Robert Andrew Powell’s article, “In the Writer’s Room,” (Harpers, 11/12 pg. 7-75) reflects upon his experiences at the Seattle Central Library, one which causes him to wonder if public facilities like these, however grandly designed, aren’t destined to deteriorate into palaces of decay. For several months, Powell almost lived at the Scandiuzzi Writers’ Room, a place set aside within the grand façade where people with a book contract, or those who can “demonstrate a serious commitment,” are given access not only to the library’s resources, but also to a cubicle, a locker and free Wi-Fi. (Ibid pg. 70.)

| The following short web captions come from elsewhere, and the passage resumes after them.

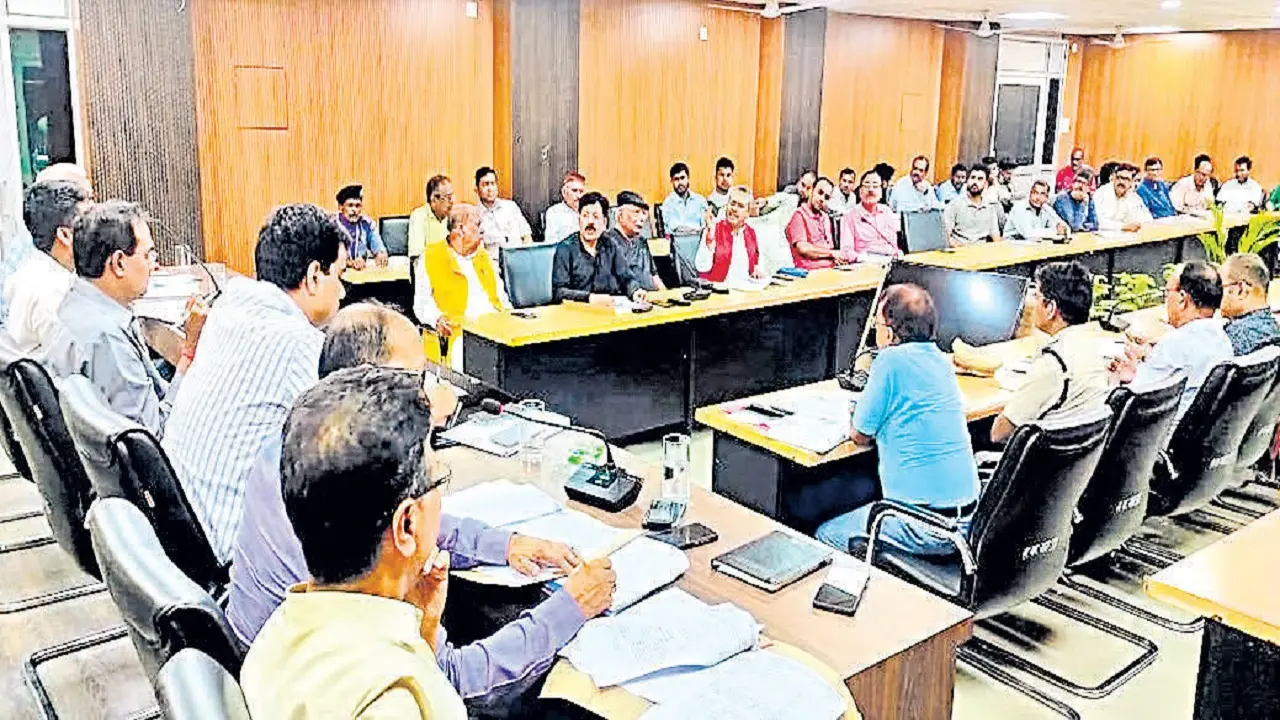 UP News: सुहागरात से पहले पत्नी को आया फोन, थोड़ी देर के बाद पति की मिली लाश, जानें क्या है पूरा मामला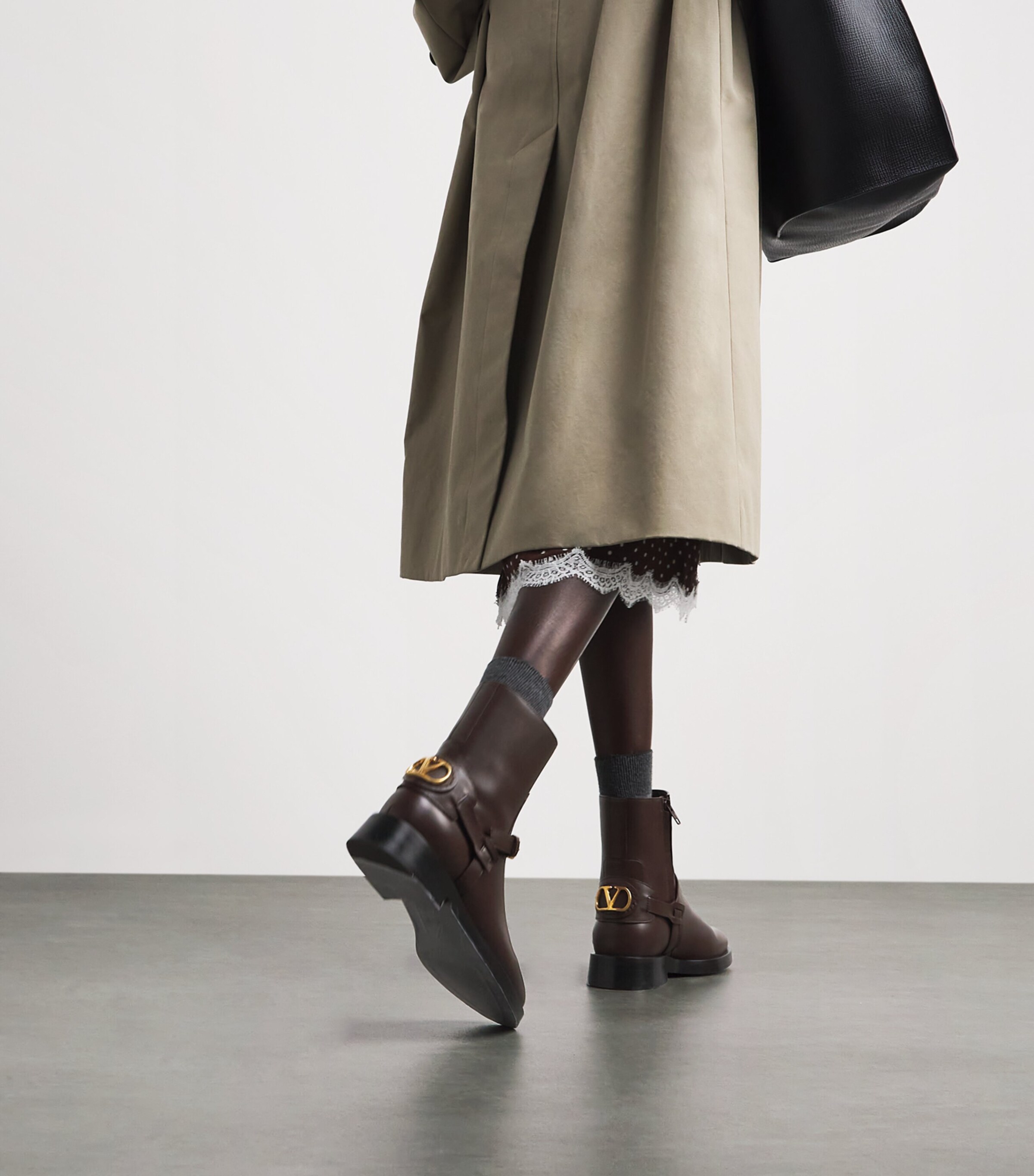 Valentino Garavani Leather Signature VLogo Ankle Boots 30 Brown Image 2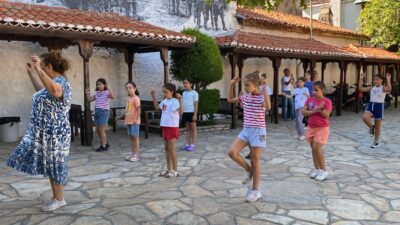 MENTEŞE BELEDİYESİ’NİN YAZ AYLARINDA 5-15 YAŞ ARASI ÇOCUKLARA VE GENÇLERE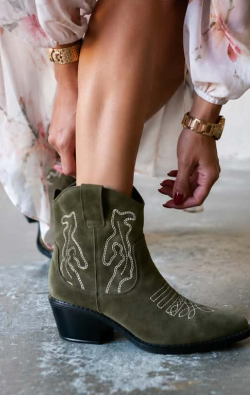 Iris | Botines Cortos de ante mujer verde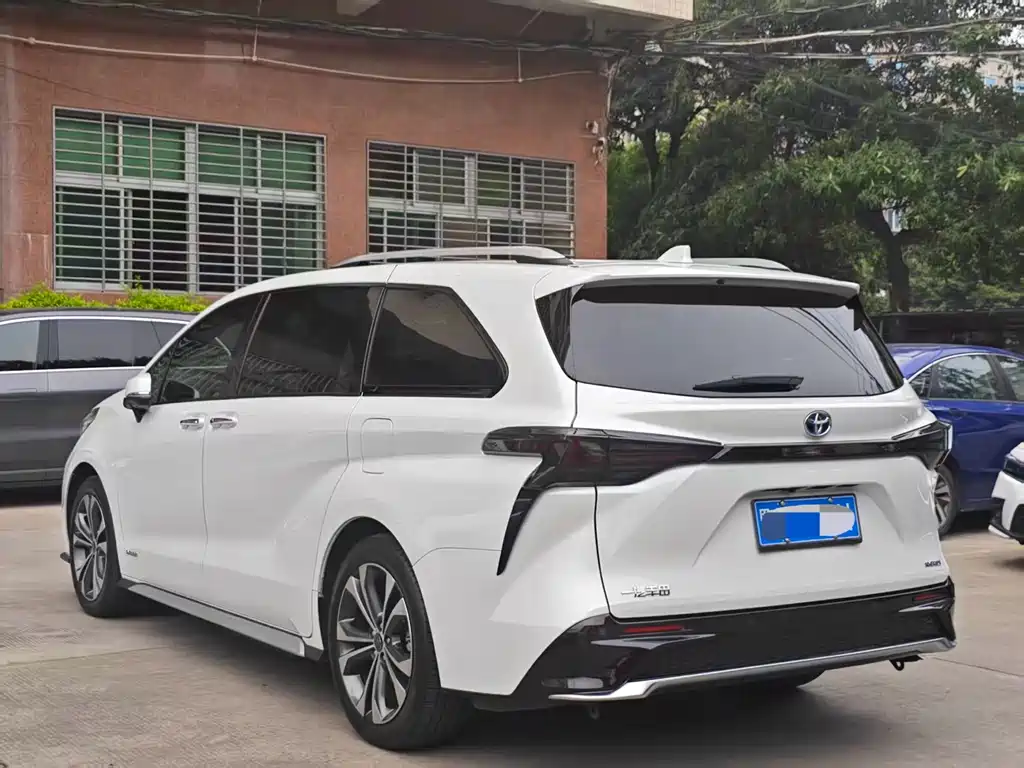 Toyota Granvia 2023 2.5L Luxury PLUS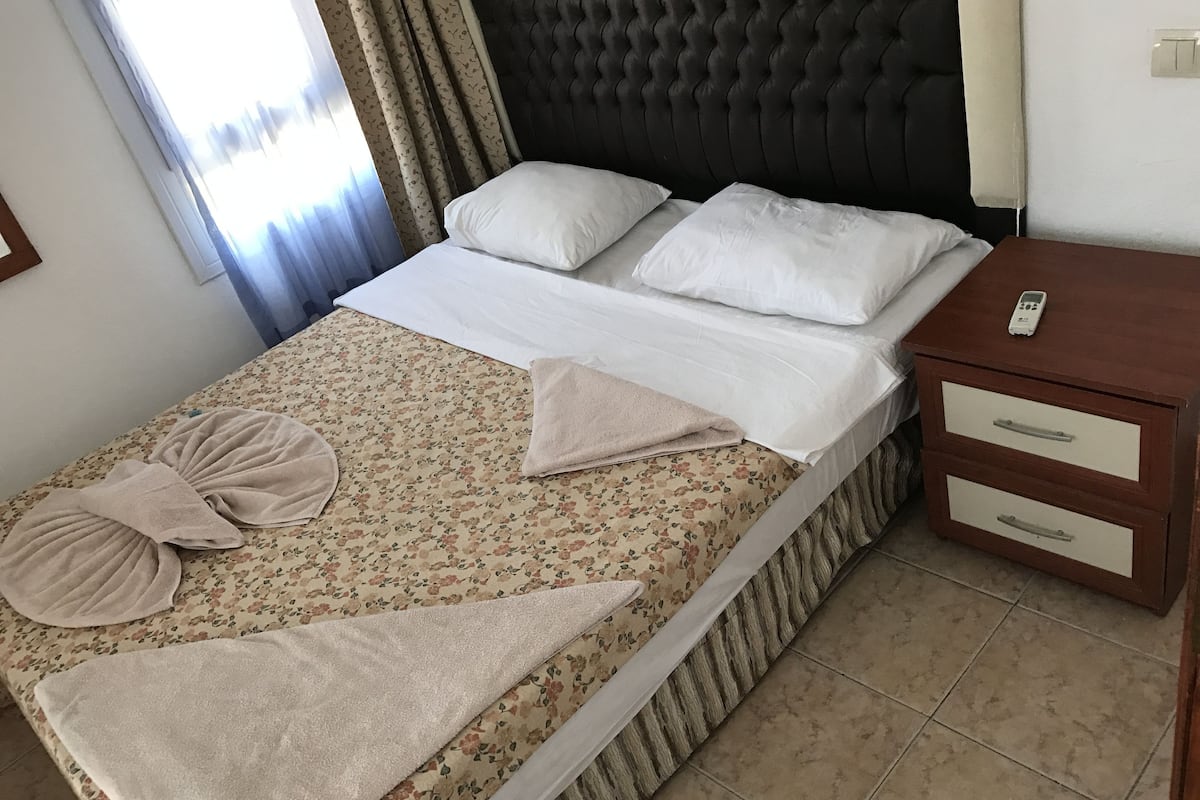 Deluxe Double Room, Balcony | Desk, iron/ironing board, free WiFi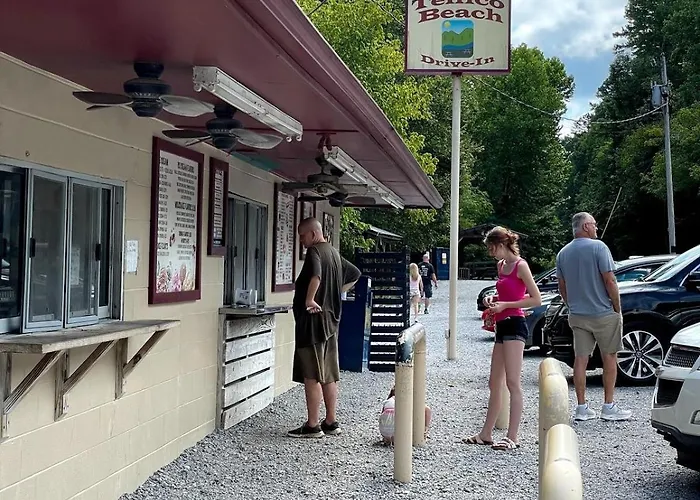 Biker-Friendly Cabin, Pets Welcome, Near River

The Seattle Library is considered by some to be one of the 7 Wonders of the modern world. (Ibid. pg. 71). My central library, by comparison, is a squat, cement construction with a handicap ramp among its bragging rights. Still my library is clean and filled with librarians who thrive on being helpful. I like my library and am even more disposed to it after reading Powell’s accounts of the Seattle library’s shell-shocked employees who spend their days dealing with the homeless and vomit in the elevators. (Ibid pg. 73) Add the presence of children left to run wild and lovers who pierce the silence with arguments, and it’s easy to see why security guards can do little against the onslaught of humanity.
That a library, so magnificently designed and at great cost to the taxpayers, would become a Mecca for the rootless should come as no surprise. Who wouldn’t choose an armchair in a palace as opposed to an unsheltered doorway or alley? But Powell’s essay raises fair questions: When does a library become a homeless shelter? How much eccentric behave will the public tolerate before losing their willingness to support libraries?
As much as I approve of the right of any citizen to come out of the rain and to read a book or magazine in a clean, well-lighted place, it’s tough to ignore the sad outcomes of good intentions.